Громко свиристит за окном на заунывной ноте — спа-ать пора, спа-ать пора, спа-ать пора… Шут его знает кто. То ли ночная цикада, то ли сверчок, то ли кузнечик какой. Земля отдает накопленный за день жар, и ночной суховей полирует лицо высушенным шершавым наждаком, — вместо избавления. Лунный свет скользит по юбке, распарывая подол — ряд за рядом, ряд за рядом...
Донское лето безжалостно. Еще в начале мая выжжет все в пыль, в сухую солому и — жди июньских дождей, которые всегда приходят в конце месяца. На неделю, а то и на полторы, грозы швыряют оземь молнии и потоки воды; огород превращается в болото, яркими полосами отсвечивают в полумраке побеленные еще в апреле стволы старых яблонь и груш, кошка длинным рывком влетает в полуоткрытую входную дверь… сколько там секундочек надо стремительному молодому зверю от абрикосы к родному порогу! А хватает и этих секунд: хоть выжимай. Был пушистый лесной колобок, стал — скелет, облепленный мокрой шерстью, каждый бугорок на позвоночнике видать.

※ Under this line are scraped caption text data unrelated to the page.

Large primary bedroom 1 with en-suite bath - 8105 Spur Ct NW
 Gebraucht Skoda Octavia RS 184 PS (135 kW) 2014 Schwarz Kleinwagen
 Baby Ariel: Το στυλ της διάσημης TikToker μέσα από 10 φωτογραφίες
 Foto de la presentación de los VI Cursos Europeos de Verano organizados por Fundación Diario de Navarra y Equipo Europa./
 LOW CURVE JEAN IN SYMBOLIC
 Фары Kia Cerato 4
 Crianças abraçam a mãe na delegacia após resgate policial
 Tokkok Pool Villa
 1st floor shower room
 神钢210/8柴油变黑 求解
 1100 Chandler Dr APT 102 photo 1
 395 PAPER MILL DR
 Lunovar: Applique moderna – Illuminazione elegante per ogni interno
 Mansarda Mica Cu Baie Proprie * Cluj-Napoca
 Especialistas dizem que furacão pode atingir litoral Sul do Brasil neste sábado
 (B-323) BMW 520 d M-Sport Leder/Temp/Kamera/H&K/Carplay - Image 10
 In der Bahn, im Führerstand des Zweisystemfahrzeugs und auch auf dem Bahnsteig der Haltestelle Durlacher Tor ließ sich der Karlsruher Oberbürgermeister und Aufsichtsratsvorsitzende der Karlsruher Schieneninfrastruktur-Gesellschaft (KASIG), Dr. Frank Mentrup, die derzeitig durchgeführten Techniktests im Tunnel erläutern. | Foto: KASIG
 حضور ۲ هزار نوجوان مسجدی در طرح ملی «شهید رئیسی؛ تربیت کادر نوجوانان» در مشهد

После гроз наваливается пекло. И там уже почти до самого октября звенит выцветшее высокое небо, ветра несут горькие запахи степной полыни и ласточки чертят свои круги далеко от земли...
Болеть в такое лето не-воз-мож-но! Лучше и не пробуйте. Снаружи жарит и тебя изнутри жарит. Изнутри за сорок и снаружи — за пятьдесят...
Аптеки в селе нет. Была, да закрыли — не отвечает санитарным требованиям. До районной больницы — километров 25, но каких километров? Грунтовкой до трассы М4, а по трассе — пробки до самого Ростова: ремонтируют полосу, объезд ограничен, скапливаются крупногабаритные фуры, а по обочинам прячутся за кустами милицейские засады: вот так взбесишься, попрешь на обгон по обочине… да и ты ли одна такая умная… стражи порядка тоже в очередь всех принимают.
Аптечка дома должна быть всегда заряжена. Необходимый набор лекарств — жаропонижающие, противодиарейные, антибиотики широкого спектра действия, супрастин...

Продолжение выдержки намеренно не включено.